Sylvia kauft die Tickets
Wochenlang hab ich mich nicht entscheiden können.
Stefan Rumi feiert seinen Geburtstag auf Zypern. 9. bis 12. Mai 2025. Er hat mich eingeladen. Wochen vorher schon. Und ich schiebe es hin und her wie ein Paket das ich nicht öffnen will.
Geld ist knapp. Meine Frau allein mit zwei Kindern damit ich 4 Tage auf Zypern feiern kann? Geht nicht. Schlechter Zeitpunkt. Ist immer ein schlechter Zeitpunkt.
Am Ende hab ich abgesagt. Stefan war enttäuscht. Kann man ihm nicht verübeln.
10 Minuten
Sylvia, Stefans Partnerin, schreibt mir. „Was ist los bei dir?"
Ich erkläre. Finanziell nicht drin. Zeitlich nicht drin. Kompliziert.
10 Minuten Stille.
Dann schickt sie mir Flugtickets. Gebucht. Bezahlt.

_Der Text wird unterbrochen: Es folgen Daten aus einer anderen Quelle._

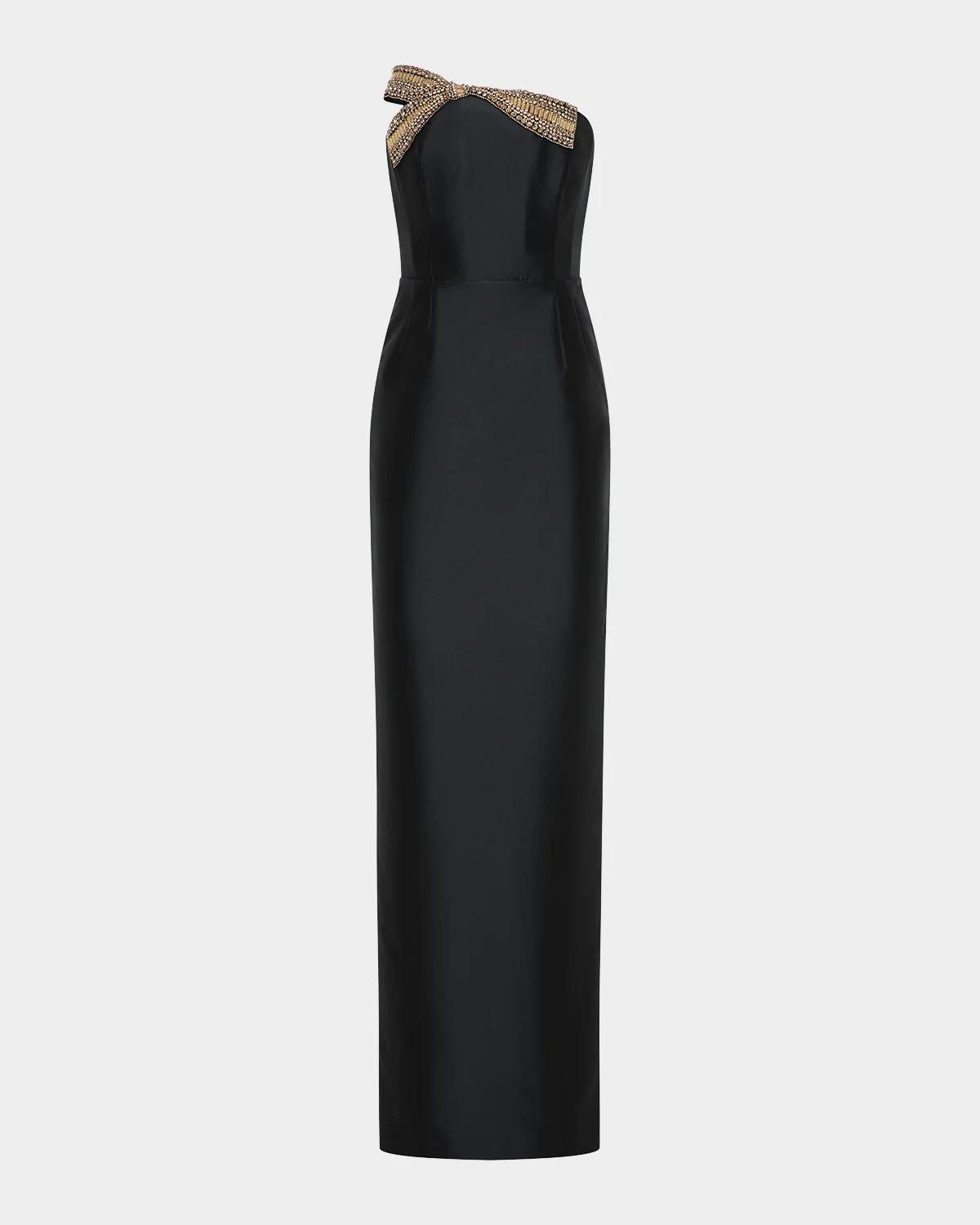 Venus Strapless Bow-Embellished Column Gown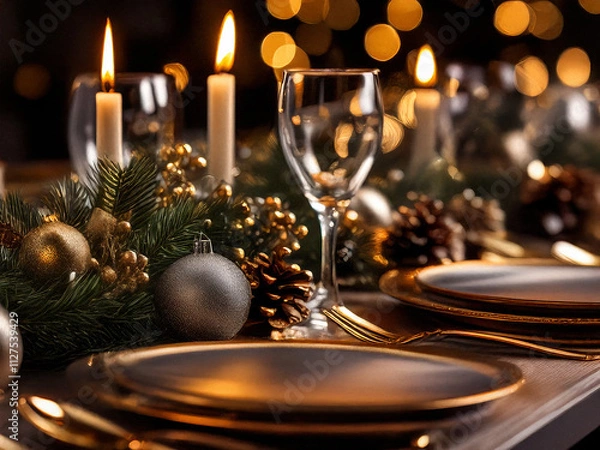 Obraz Generated Ein eleganter Weihnachtstisch mit goldenen und silbernen Ornamenten, einem Stechpalmenzweig, Tannenzapfen und Kerzen. Eine gemütliche, warme Atmosphäre mit sanfter Beleuchtung.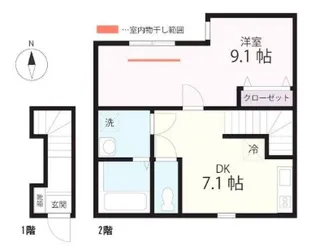 神奈川県横浜市神奈川区三ツ沢下町【一戸建】の間取り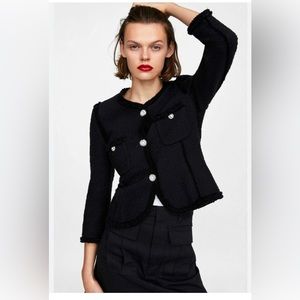 ZARA Black Tweed Frayed Blazer with Gem Buttons Size S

„Jetzt kommst du da nicht mehr raus."
Ein Satz. Zehn Wörter. Und plötzlich gibt es keine Ausrede mehr. Keine "Ja, aber." Keine "Vielleicht nächstes Mal." Jemand hat die Entscheidung für mich getroffen — weil ich selbst nicht in der Lage war sie zu treffen.
Manchmal braucht es das. Jemand der dir die Tickets kauft. Der dir sagt: Jetzt kommst du nicht mehr raus. Der sieht was du brauchst, bevor du es selbst siehst.
4 Tage
Ich war 4 Tage auf Zypern. Nichts Dramatisches. Keine Erleuchtung auf einem Berg. Kein Life-Changing-Moment in einem Sonnenuntergang. Nur Sonne, Meer, gutes Essen und Gespräche mit Menschen die ich mag.
Aber etwas hat sich verschoben. Nicht im Kopf — tiefer. Im Bauch. Dieses Gefühl das seit Jahren da ist — der Vulkan aus Kapitel 1 — hat plötzlich eine Richtung bekommen.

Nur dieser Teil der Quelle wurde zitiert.